Aside from existing anti-poaching methods, dehorning (the removal of the horns) is another method of stopping the species from sliding into extinction. 

Quek Yew Aun’s article explores this issue. Two concerns though: the demand for horns will still exist even after rhinos are extinct because horns last longer than rhinos and they can be traded on black markets. Removing horns devalues rhinos, but not the horns themselves.

Furthermore, this relies on the goodwill of organisations willing to forgo the wealth that these horns bring. This only lasts as long as the people are willing to forgo that wealth. In poor countries, this is hard to avoid.

There is a far more radical, yet familiar, way of preventing extinction, and an interesting documentary by Louis Theroux showcases how one might do this on the reddish plains of South Africa. How?

Hunting safaris: breed trophy animals to kill them for a price. Groups then get the opportunity to keep these "trophies." If you pay enough, you get to kill and bring a lion or rhino home. The revenue from hunting groups is then used to breed the animals, and at the same time, keep the extinction threat at bay while breeding better trophies. 

Africa does not have people who are discplinied. It’s a fact because we chop down and eat everything... It doesn’t hurt me [to breed them to be hunted], they’re going to go extinct if they don’t bring any money. What have I done with all the money from sables? Bought other sables, created a natural living environment where they used to live. If it is not for hunting, there will be no species left in Africa.

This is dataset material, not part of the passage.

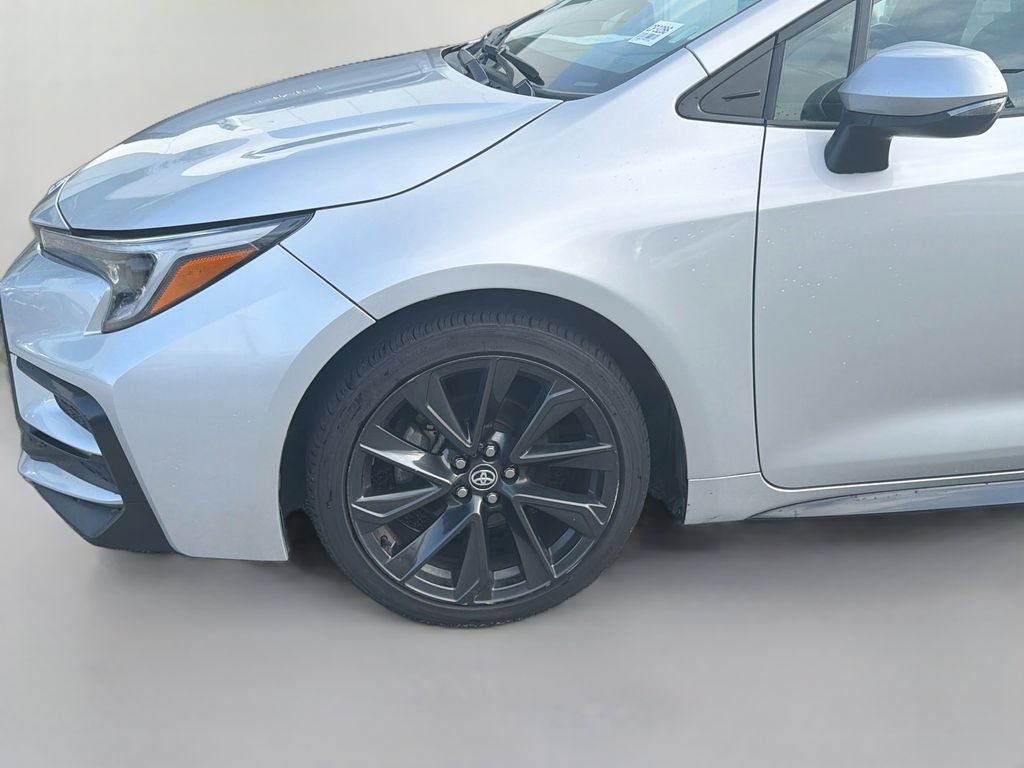 Used 2023 Toyota Corolla SE FWD image 32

Now all these [sables] are being bred. We are creating better sables and better rhinos. We have a rhino bull now and he’s got a 22 inch horn, it’s unbelievable. Because we’ve been paid per inch. 

In some sense, this is morally heinous. But the idea of breeding animals for the sole purpose of using them is not new. In this sense, what the hunting safari does is no different from how chickens and cows are being bred for their meat and milk, and horses, for their mobility and races. 

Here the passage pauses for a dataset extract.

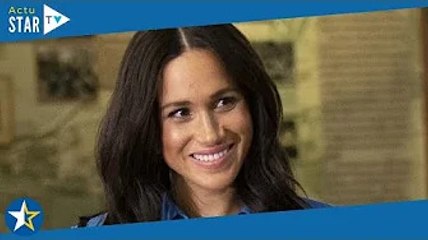 Meghan Markle sublime en robe bleue pour recevoir un prix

But the caretaker Theroux interviewed is right about uncontrollable extraction. Animals aside, humans have repeatedly done this to themselves before. Empire after empire, imperialists go where the resources are, force people to work to death and extract unsustainably. When they leave, whatever government replaces them barely thinks about managing it sustainably because it’s quick cash. 

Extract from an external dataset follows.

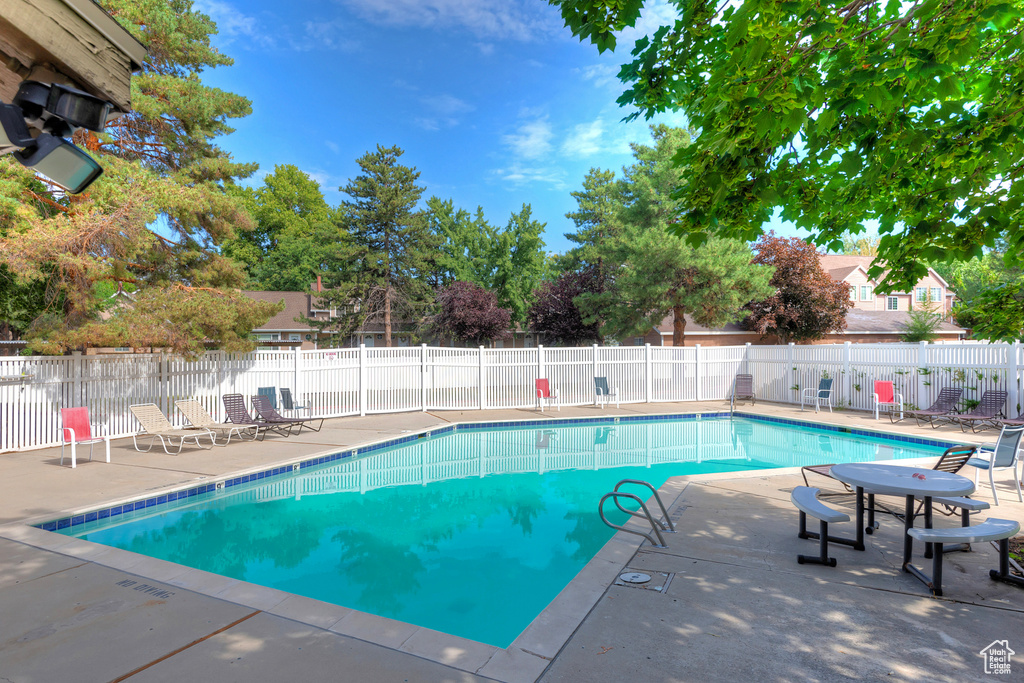 Photo 21 for MLS #2104930 at 618 E Cobblestone Ln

Still, breeding animals to be killed for fun is different than breeding animals to be killed for nutrition. Or is it? Both reasons result in death, but still it feels iffy. So we should ask ourselves this: does quality of life matter more than purpose of life? I’d argue quality, because no matter the purpose humans determine for animals, humans will continue eating, continue hunting.  

Quality, however, is something that can be changed. Breeding animals to be killed must first overcome a double standard. What about the chickens and cows, boxed into cages practically immobile, to lay eggs, to produce milk? And the horses that used to be our cars until they were bred to race as though they were cars?

Buying organic and free range chickens and eggs help because the chickens live healthily, like the cows and sheep on wide open fields instead of dark warehouses 24/7. And if vegans still cannot accept this, then they should question if a life is only worth killing if it doesn't have the eyes and ears to see and hear themselves get killed. 

With plants, the ethical and sustainable nature of how we exploit them is also important. That coffee you drink? You ever thought about how destructive coffee plants are to the soil? The meat you eat? It’s bigger but why eat something more unhealthy than yourself? 

If the rhino were to remain, we should first consider whether biodiversity is more important than the way we maintain it. If that is the case, how ethically can we do this? If hunting safaris can treat rhinos better than the way we treat chickens and cows when they’re alive, why not?

It matters more that we give them a good life, the same way we want to enjoy life while serving someone else’s purpose through work. We die anyway. And although conservation and exploitation sound irreconcilable, mankind’s progress through capitalism is only a living testament to the opposite. 

* This is the personal opinion of the columnist.